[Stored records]

+-------+

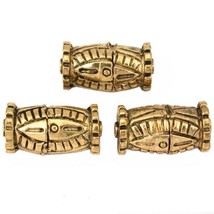 Bali Barrel Antique Gold Plated Beads 21.5mm 19 Grams 3Pcs Approx. - £5.60 GBP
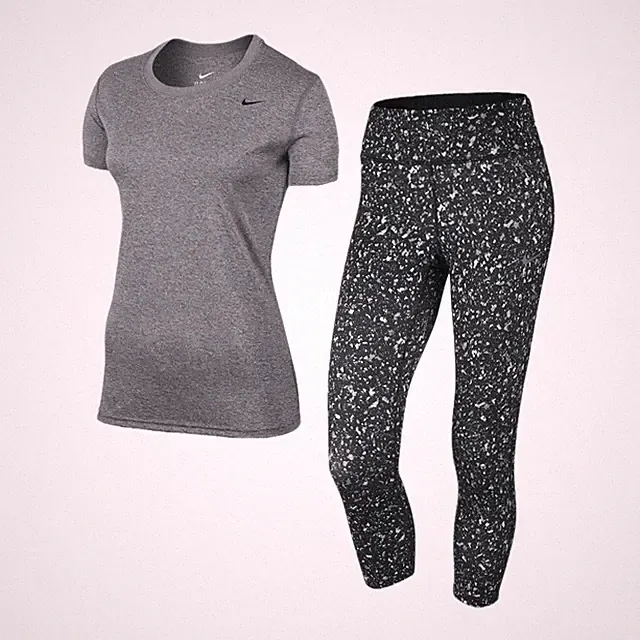 Nike Dri-fit Power Essential Crop Leggings & Scoop Neck Tee Workout Set - Small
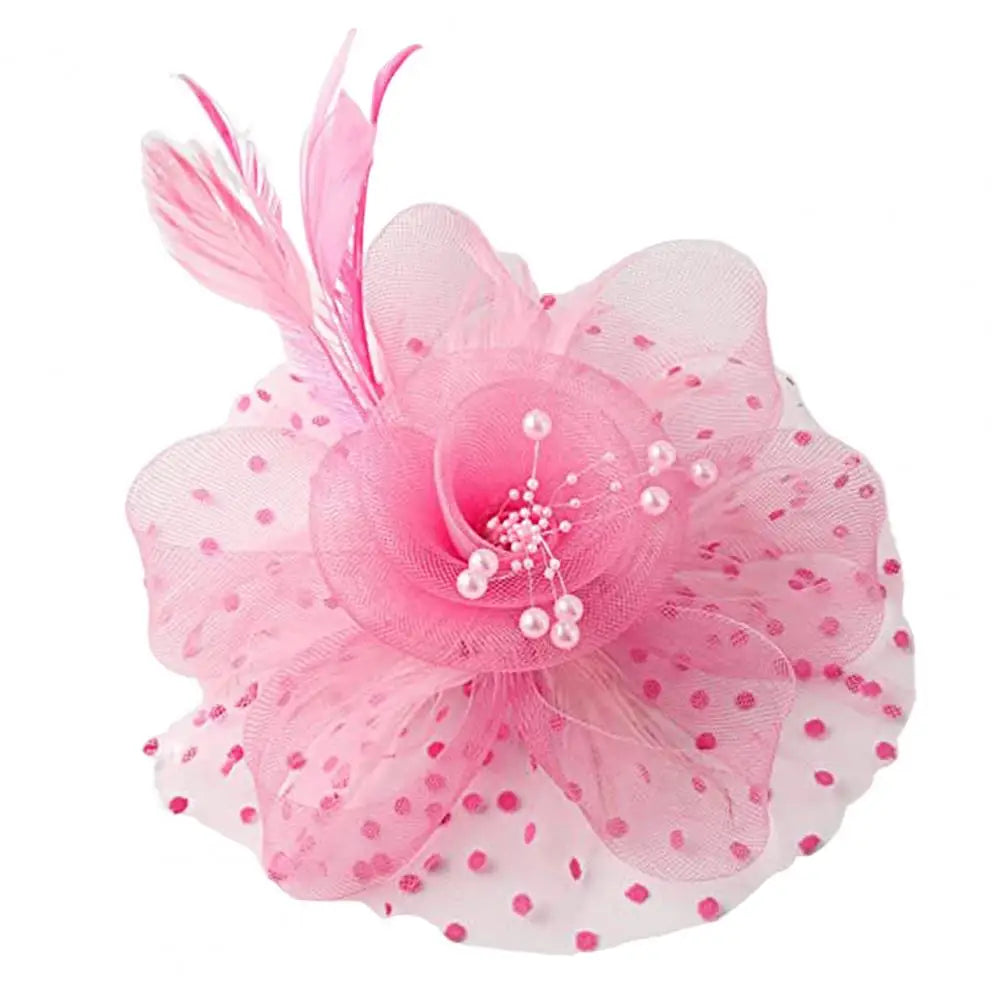 Feather & Mesh Flower Fascinator with Faux Pearls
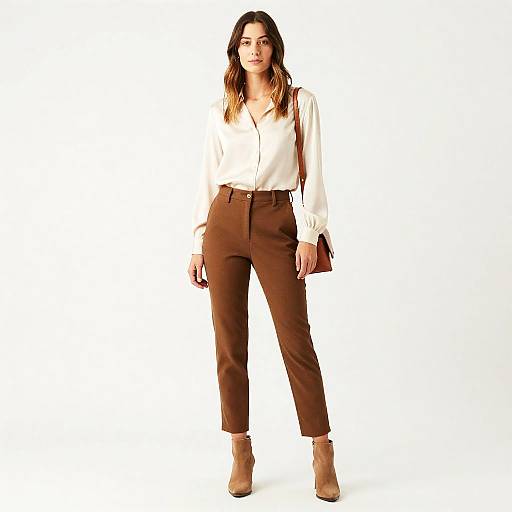 Young Woman in Brown Trousers and Silk Blouse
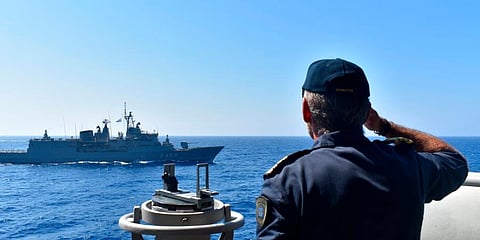 In this photo provided by the Greek Defense Ministry, warships take part in a military exercise in Eastern Mediterranean sea. (Photo | AP)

+-------+

An exact copy is needed of the stretch above that opens with the line containing "Nike Dri-fit Power" and closes with the line containing "Young Woman in"; the pictures are not part of it.

▸ RESULT FOR THIS EXERCISE:
 Nike Dri-fit Power Essential Crop Leggings & Scoop Neck Tee Workout Set - Small
 Feather & Mesh Flower Fascinator with Faux Pearls
 Young Woman in Brown Trousers and Silk Blouse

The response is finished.